Former Gauteng health MEC Qedani Mahlangu's election to the Gauteng ANC PEC caused a public outcry.
Image: KEVIN SUTHERLAND

The election of disgraced politicians to ANC leadership structures has provoked public outrage and cast unwelcome light on the party's embrace of problematic public figures as it tries to shake off the state capture debacle.

The choice of former Gauteng health MEC Qedani Mahlangu, implicated in the Life Esidimeni scandal in which 144 people died, and former MEC Brian Hlongwa, implicated in a R1-billion fraud scandal, could cost the party as it heads towards next year's election with a corruption cloud hanging over it.

Unless his lawyers succeed in having his fraud case thrown out of court, former president Jacob Zuma, who insists on exercising his right to attend ANC national executive committee meetings as an ex officio member, could still be in court during the election, a potent symbol of the rot that has set in.

Political analyst Somadoda Fikeni said the constitution of the ANC was not clear in proscribing members who have been found to have transgressed - so they have been tolerated over the years.

Fikeni said it was up to the ANC's integrity committee or deployment committee to dissuade such members from either standing for election to the NEC or provincial executive committees, or making themselves available for senior positions, but that was unlikely to happen.

"Constituencies within political parties sometimes operate based on other factors such as political patronage rather than ethical and moral factors. That becomes evident when leaders face criminal charges; they get so much support, and the logic of those supporting them is usually that there is a giant conspiracy because of the ideological outlook of the person, or they say whites were forgiven, why not forgive this one?

"Others would even say there would be no free trials for this one. Either way, where you do have a patronage network and the big-man syndrome, people believe in their leaders irrespective of the issues that happened," Fikeni said.

Zuma, Mahlangu and Hlongwa are not alone in reminding voters that the party not only does not discourage rogues from contesting top positions, but that they are held in as high regard as those who have not been caught with their fingers in the till.

Despite having been convicted of fraud, members such as Tony Yengeni, Ruth Bhengu and Bathabile Dlamini sit on the party's NEC. ANC chief whip Jackson Mthembu was convicted of drunk driving.

ANC spokesman Pule Mabe, who was sanctioned by parliament for failing to declare his interest in a company doing business with rail agency Prasa, said there was nothing wrong with convicted people occupying influential positions, as the ANC believes in rehabilitation.

"When individuals rise out of their own shortcomings, regardless of what those could be, they must be given an opportunity to come back and be part of a fully fledged society."

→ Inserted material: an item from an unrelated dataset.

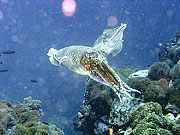 Picture 'Th1_0_2892 Cuttlefish, Thailand'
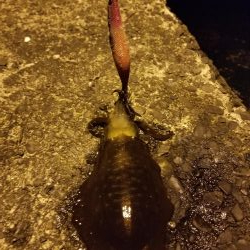 チビよく釣れるわー！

Part of the ANC's problem is its insistence that members who have been charged in court can remain in good standing because they have not yet been convicted - a distinction that voters not schooled in the niceties of ANC politics may not fully appreciate.

The ANC in KwaZulu-Natal elected Mike Mabuyakhulu, who is out on R50,000 bail after he was arrested for alleged corruption, as deputy provincial chairman.

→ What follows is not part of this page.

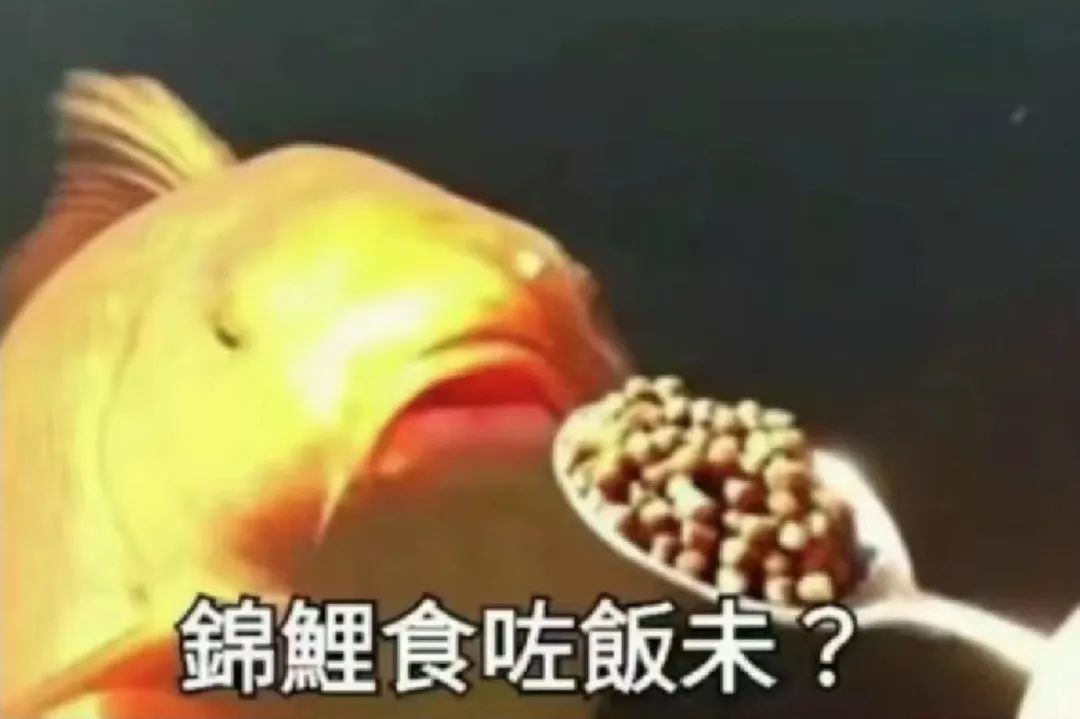 “錦鯉”表情包流行，只是廣東人的自High嗎？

In the Free State, three party leaders accused of abusing public funds were elected to the PEC. One, Mathabo Leeto, is expected in court tomorrow for allegedly awarding a R15-million contract without due process. Her colleague was arrested two years ago for stealing nail polish and earrings from Woolworths. A third PEC member, Nozililo Mashiya, was accused of using a council credit card to buy R10,000 of liquor in 2010 while she was Nala municipality's speaker.

In the Eastern Cape, two PEC members, Zukiswa Ncitha and Sindiswa Gomba, face charges related to the Nelson Mandela funeral scandal, in which funds were looted.

Mabe defended the election of these people, saying they had not been found guilty by any court: "People are deemed innocent until and when proven otherwise."